The M250 turboprop has found popularity due to its small size and high power-to-weight ratio, which make it ideal for Original Equipment Manufacture Type Certified designs and for Supplemental Type Certificate conversions of existing piston-engined designs. These lightweight, high power engines operate on all certified aircraft fuels, a feature favoured by operators who take them into remote regions of the world. Their legendary reliability, combined with vibration free turbine smoothness, gives an easy ride to both the pilots and the airframe components. 

Rolls Royce delivered more than 31.000 M250 engines for many of the world’s leading defence airplanes & helicopters, with an estimated 16,000 engines currently in service, clocking up astounding 250 million flight hours.



At least three aircraft types (typically piston engine props, jet trainer aircraft, advanced jet aircraft) are required to complete the training.

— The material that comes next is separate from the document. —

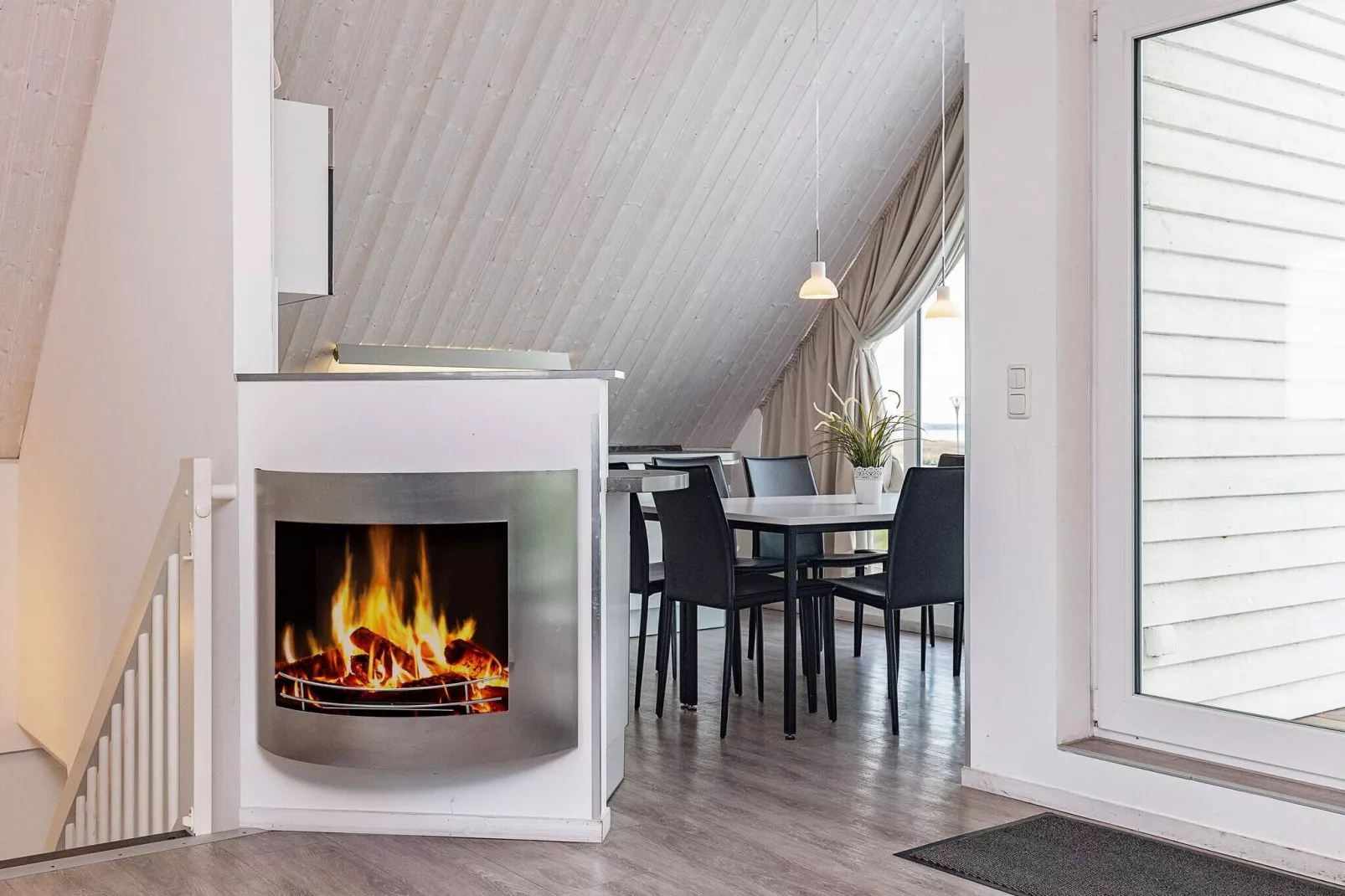 MERKUR 62+58 SW 1.RH.-Indoor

A large part of the time in training (approx. 250 hours) is on jet trainer aircraft which have high acquisition as well as operating costs.
Transition from propeller aircraft to jet requires the student to unlearn the propeller aircraft habits acquired.

A large percentage of students are eliminated during the high cost jet training phase.

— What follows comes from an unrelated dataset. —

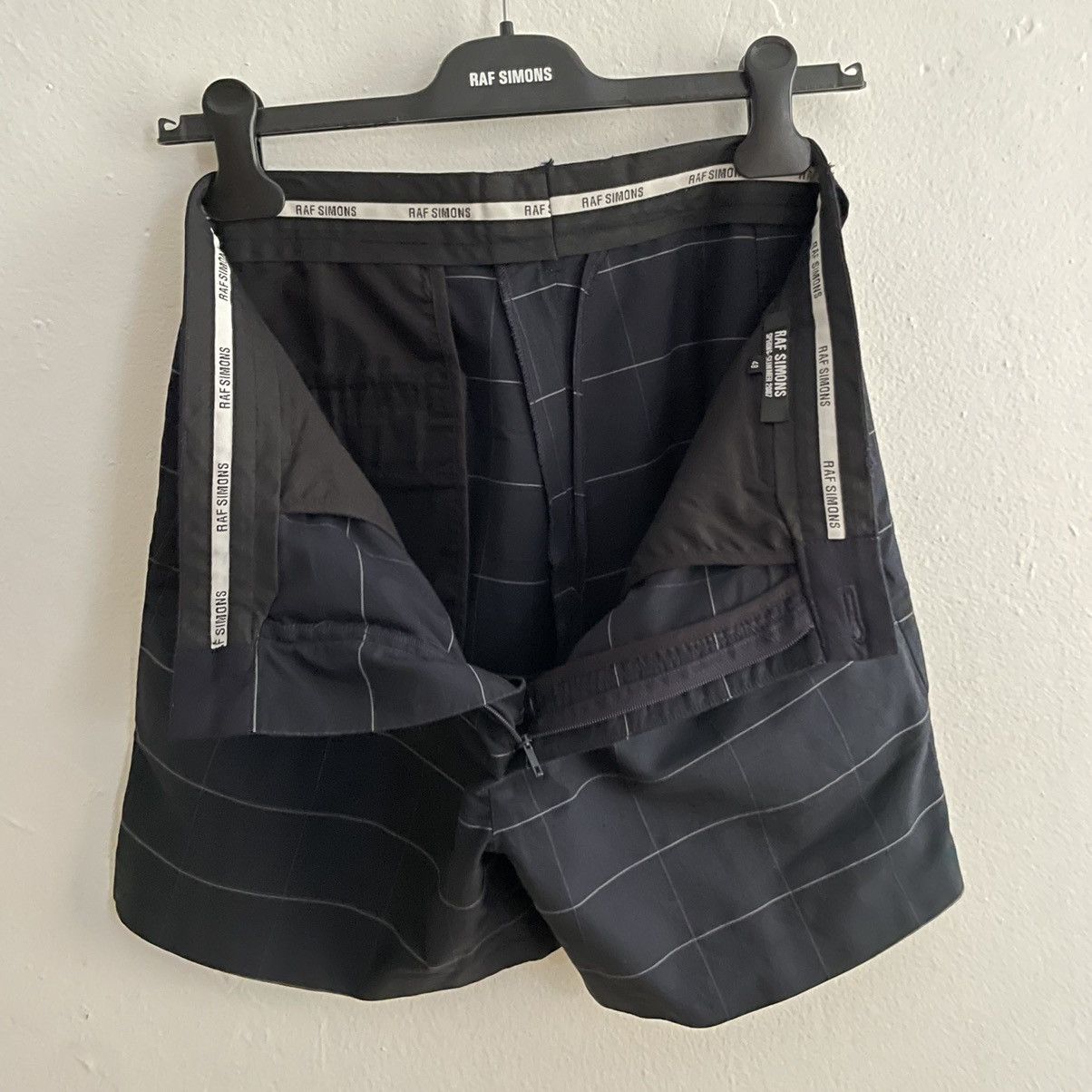 Raf Simons Raf Simons SS2007 Runway pleated grommet shorts Size US 32 / EU 48 - 12 Thumbnail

Requires only two aircraft types (Fanjet and an advanced jet).

A significant part of the training time can be on the Fanjet 600, which has lower acquisition and operating costs compared to a trainer jet.

Student experiences the handing qualities of jet aircraft throughout the training programme.

As the student is familiar with jet aircraft and engine characteristics right from the start, there is a cost advantage in training on Fanjet.

This allows pilots to train more under real conditions.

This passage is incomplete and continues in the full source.